Planes and ships searching for debris suspected of being from the
downed Malaysian jetliner failed to find any Thursday before bad weather
cut their hunt short, as Thailand said one of its satellites had
spotted hundreds of objects in the area.
The Thai satellite spotted about 300 objects floating in the southern
Indian Ocean near an area where planes and ships have been hunting
unsuccessfully for a week for any sign of debris from Malaysia Airlines
Flight 370, which disappeared March 8 with 239 people aboard.
The images from the Thai satellite showed “300 objects of various
sizes” in the ocean, about 2,700 kilometers (1,675 miles) southwest of
Perth, said Anond Snidvongs, director of Thailand’s space technology
development agency.
He said the images, taken Monday by the Thaichote satellite, took two
days to process and were relayed to Malaysian authorities on Wednesday.
The objects were about 200 kilometers (125 miles) from the area where
a French satellite on Sunday spotted 122 objects, Anond said. The
objects ranged in size from 2 meters (six feet) to 16 meters (53 feet)
long.
The announcement came after the Australian Maritime Safety Authority
said it had to pull back all 11 planes scheduled to take part in the
search Thursday because of heavy rain, winds and low clouds. Five ships
continued the hunt.
All but three of the planes – a US Navy P-8 Poseidon, a Japanese P-3
Orion and a Japanese Gulfstream jet _ reached the search zone, about
2,500 kilometers (1,550 miles) southwest of Perth, before the air search
was suspended, AMSA spokesman Sam Cardwell said.
They were there “maybe two hours” and they did not find anything, Cardwell said.
“They got a bit of time in, but it was not useful because there was no visibility,” he said.

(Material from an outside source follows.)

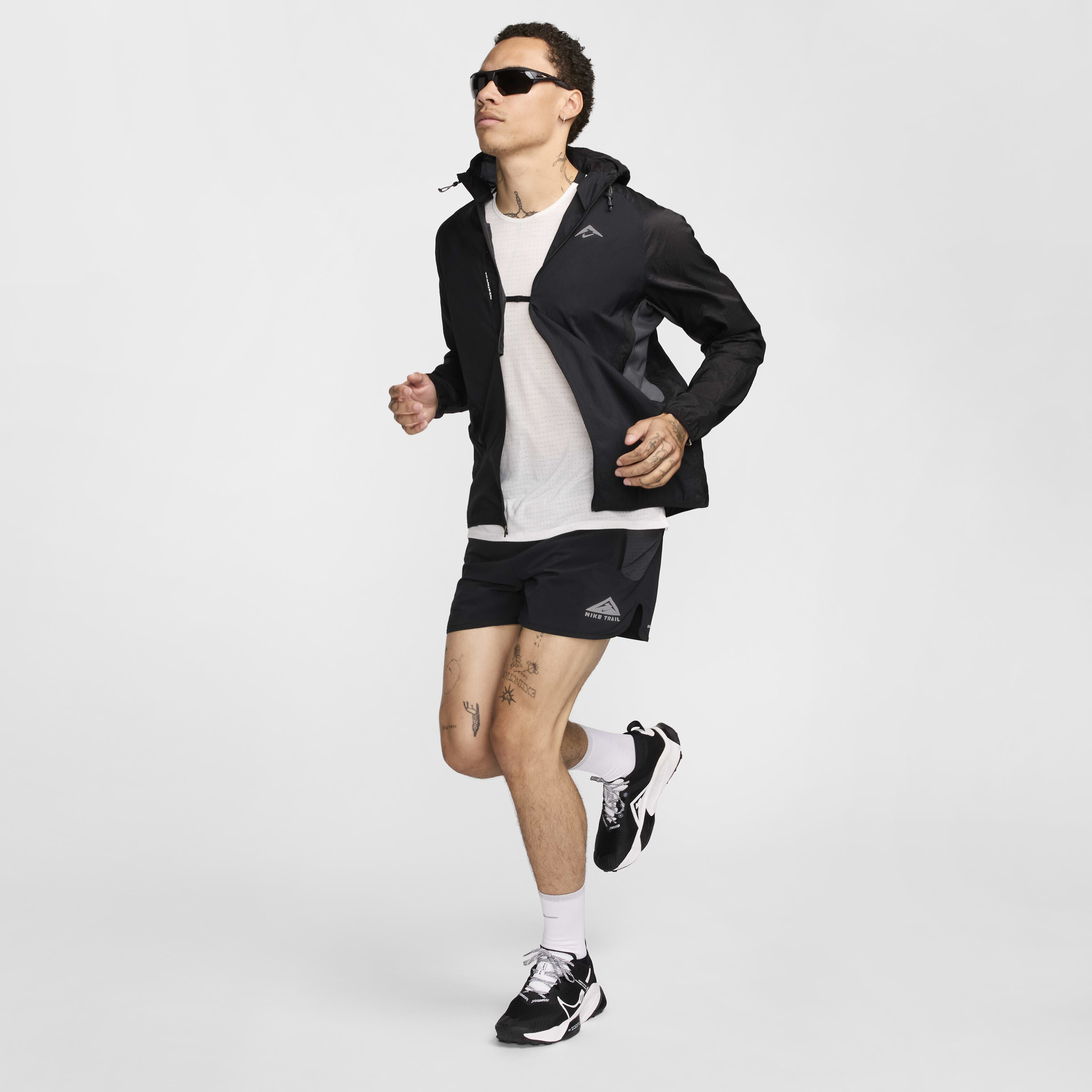Buy Nike Trail Aireez Men's Running Jacket - Black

In a message on its Twitter account, AMSA said the bad weather was expected to last 24 hours.
Planes have been flying out of Perth for a week, looking without any
success for objects spotted in vague satellite images, including the
French one.
Finding them would give physical confirmation that Flight 370, which
was scheduled to fly from Kuala Lumpur, Malaysia, to Beijing, crashed.
That would allow searchers to narrow the hunt for the wreckage of the
Boeing 777 and its black boxes, which could solve the mystery of why the
jet was so far off-course.
Malaysian officials said earlier this week that satellite data
confirmed the plane crashed into the southern Indian Ocean. On Thursday,
Malaysia Airlines ran a full-page condolence advertisement with a black
background in a major newspaper.
“Our sincerest condolences go out to the loved ones of the 239
passengers, friends and colleagues. Words alone cannot express our
enormous sorrow and pain,” read the advertisement in the New Straits
Times.
The 122 objects captured by the French satellite ranged in size from 1
meter (3 feet) to 23 meters (75 feet) long, but the search for them and
the objects from the Thai satellite will have to wait until the weather
in the search area improves, echoing the frustration of earlier sweeps
that failed to zero in on three objects spotted by satellites.

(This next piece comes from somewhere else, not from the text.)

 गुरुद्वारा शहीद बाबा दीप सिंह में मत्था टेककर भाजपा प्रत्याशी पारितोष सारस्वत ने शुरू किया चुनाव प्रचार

Experts cautioned that the area’s frequent high seas and bad weather
and its distance from land were complicating an already-trying search.
“This is a really rough piece of ocean, which is going to be a
terrific issue,” said Kerry Sieh, director of the Earth Observatory of
Singapore. “I worry that people carrying out the rescue mission are
going to get into trouble.”
Malaysia has been criticized over its handling of one of the most
perplexing mysteries in aviation history. Much of the most strident
criticism has come from relatives of the Chinese passengers, some of
whom expressed outrage that Malaysia essentially declared their loved
ones dead without recovering a single piece of wreckage.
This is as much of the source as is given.